The Trouble with Distributed Objects
The Trouble with Distributed Objects
Last Updated: 2012-05-23
Copyright © 2003, 2012 Daniel F. Savarese
This column was published originally in the August 2003 issue of Java Pro under the same title. It was written when service-oriented architecture (SOA) hype was getting started and published when the hype was in full swing. As a result, the column generated criticism from people who were buying into the vendor-generated hype. Programmers who had worked with distributed programming models extensively “got it.” Brief discussions in the straight_talking_java and the service-orientated-architecture Yahoo groups show the disparity of reaction. The critics must have skipped over or ignored key sentences in the column that invalidate their criticisms. The original column was a required reading assignment for the 2005 Distributed Systems course (CS404) at Purdue University Calumet.
My most general contention was that the industry was focusing on the wrong problems and the new wave of standards was doing nothing to simplify the construction of distributed systems. I'm comfortable saying that time has proven that SOA standards touted at the time didn't deliver on their promises. Also, the large-scale distributed computing infrastructures that emerged at companies such as Amazon, Google, and Facebook have spurred the development of distributed software programming systems that address some of the challenges posed in this column.
Changes. I've resisted the temptation to edit the article to clarify points and make it more relevant to today. As a result, I've made only minor text edits.

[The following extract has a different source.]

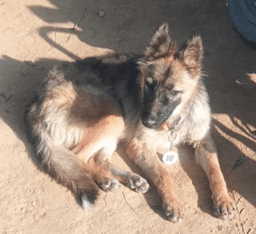 Standard Dog Collectible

The benefits of object-oriented programming do not translate from shared-memory programming to distributed programming. It's time we face up to this problem and look for ways to resolve it. Web services may facilitate integration and interoperability, but they don't do much to let you specialize component behavior to meet application-specific requirements. If you work with distributed object or service component frameworks on a daily basis, you may feel that it is much too hard to build systems that do exactly what you want done and do it exactly how you want it done. I have felt this way for years. Let me explain why.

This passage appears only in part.